Introducing the brain: dopamine, serotonin control genes (Introduction)

by David Turell , Tuesday, October 27, 2020, 21:35 (1486 days ago) @ David Turell

The latest findings from addiction reseaarch:

https://www.quantamagazine.org/the-epigenetic-secrets-behind-dopamine-drug-addiction-an...

"This is why cells in our body can be so different even though every cell has identical DNA. If the DNA is not unwound from its various spools — proteins called histones — the cell’s machinery can’t read the hidden code. So the genes that would make red blood corpuscles, for example, are shut off in cells that become neurons.

"How do cells know which genes to read? The histone spool that a specific gene’s DNA winds around is marked with a specific chemical tag, like a molecular Post-it note. That marker directs other proteins to “roll the tape” and unwind the relevant DNA from that histone (or not to roll it, depending on the tag).

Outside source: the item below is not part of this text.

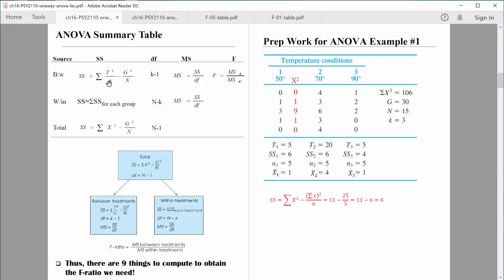In order to compute variability between the groups, I need to compute mean square between the groups, so I need sum of squares between the groups. There's some new notation: I need T values. T just represents a total — a total for each group. So just add it up. Zero and one is one, four, five — the total for this group is five. We'll call the cold room group one, comfortable room group two, hot room group three. So T-sub-one, the total for group one, is five.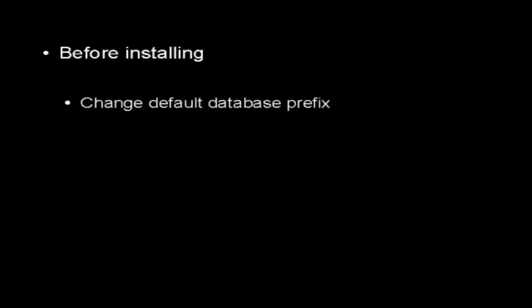In this video I'm going to explain how you can secure your WordPress blog. There are several procedures that you can follow, some before you install it and others after you've installed it. If you haven't installed your WordPress blog yet, it's a good idea to change the default database prefix before making the installation.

"...[research] showed that serotonin has another function: It can act as one of those molecular Post-it notes. Specifically, it can bind to a type of histone known as H3, which controls the genes responsible for transforming human stem cells (the forerunner of all kinds of cells) into serotonin neurons. When serotonin binds to the histone, the DNA unwinds, turning on the genes that dictate the development of a stem cell into a serotonin neuron, while turning off other genes by keeping their DNA tightly wound.

"That finding inspired Maze’s team to wonder if dopamine might act in a similar way, regulating the genes involved in drug addiction and withdrawal. In the April Science paper that so surprised me, they showed that the same enzyme that attaches serotonin to H3 can also catalyze the attachment of dopamine to H3 — a process, I learned, called dopaminylation.

"Together, these results represent a huge change in our understanding of these chemicals. By binding to the H3 histone, serotonin and dopamine can regulate transcription of DNA into RNA and, as a consequence, the synthesis of specific proteins from them. That turns these well-known characters in neuroscience into double agents, acting obviously as neurotransmitters, but also as clandestine masters of epigenetics.

***

"In a commentary accompanying the research, Jean-Antoine Girault of Sorbonne University in Paris made a final, intriguing observation. We know that typical neural impulse firing works by causing a ripple effect of dynamic changes in calcium concentration inside neurons that eventually reach the nucleus. But Girault noted that the enzyme that catalyzes the attachment of dopamine to H3 is also regulated by levels of intracellular calcium. In this way, electrical chatter between neurons is relayed to the nucleus, suggesting that neural activity — driven by a behavior — could attach the dopamine epigenetic marker to genes responsible for drug-seeking behavior. That’s how the experiences one has in life can select which genes get read out, and which do not. Lamarck would be proud."

Comment: The functional aspects of gene expression controls in the brain are expanding with this research. The complexity increases and demands the recognition of design requirements. And of course, Lamarck is here to stay.